And on the day before I was asked to write that piece, Jack McConnell, then Labour’s sole candidate, had held a press conference (with his wife, Bridget, in chilly attendance a yard or so away) to announce that he had had an affair seven years ago, and had “betrayed” his wife’s trust. The next day came stories that he had organised a whip-round at Westminster among Labour MPs to help pay his then lover’s salary at the party headquarters in Glasgow; it was also rumoured that newspapers were hot on the trail of other extramarital adventures. No wonder many were quick to assume that it proved that the devolution experiment was a ghastly mistake, and that an editor should think I might feel ashamed to be Scottish.
Nevertheless, I declined the offer. It is certainly the case that, in the past few weeks, Scotland has been shown in a poor light, and some may consider this proof that devolution was a mistake, but the transgressions reported here seem minor compared to much that goes on at Westminster. Indeed, McLeish’s mis-demeanours relate to his time as a Westminster MP, and had he remained just that, he would have received only a rap over the knuckles from the Commons Committee on Standards and Privileges.
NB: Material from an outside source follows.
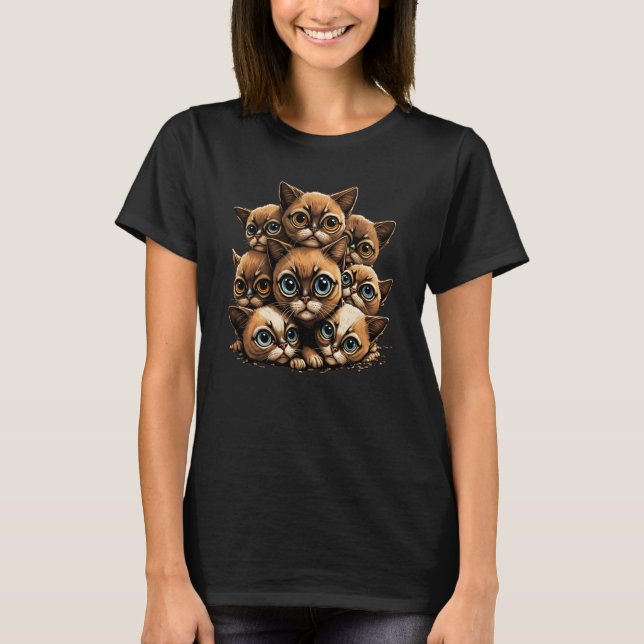 Seriously Cute Pile Of Cats And Kittens  1 T-Shirt (Vorderseite)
Actually, what has happened says more about pre-devolution Scotland than about devolution itself. For years, the reality of Scottish politics was obscured by the Tory domination of England, which ensured that there were Tory governments from 1979-97. This allowed a party with diminishing, and eventually very little, support in Scotland to control the Scottish Office and maintain a secretary of state. As a result, the Tories appeared to be the government of Scotland. But much of the time, they did not set the agenda, and when they tried to do so, as with the poll tax, they failed miserably. Tory power was more apparent than real.
The reason was simple. Over much of Scotland, real power was in the hands not of the government, but of the sottogoverno, the network operating below the level of the government of the day, and doing so by means of cronyism, patronage, backhanders, exchanging favours, and sometimes by making threats. In Scotland, the sottogoverno was Labour.
Much of this went unnoticed while Labour was in opposition. Fierce infighting at Glasgow City Council and allegations of corruption at Monklands District Council did attract the attention of the press, but most of the time Labour was given an easy ride. The Scottish media were mainly anti-Tory and pro-devolution. And the figureheads of Scottish Labour – John Smith, Donald Dewar and Gordon Brown – were intelligent, respected, well liked, and all men of unimpeachable rectitude.
Devolution has changed this; Smith and Dewar are dead; Brown is in London, as are most of the more able Labour politicians – Robin Cook, Alistair Darling and John Reid, for example, all of whom preferred Westminster careers to Holyrood. This did not matter so much while Dewar was First Minister. But when he died, Labour in Scotland became exposed to unaccustomed scrutiny. Some of the fiercest critics in recent months have been journalists who were committed to devolution and are disappointed that it has not suddenly led us to the promised land.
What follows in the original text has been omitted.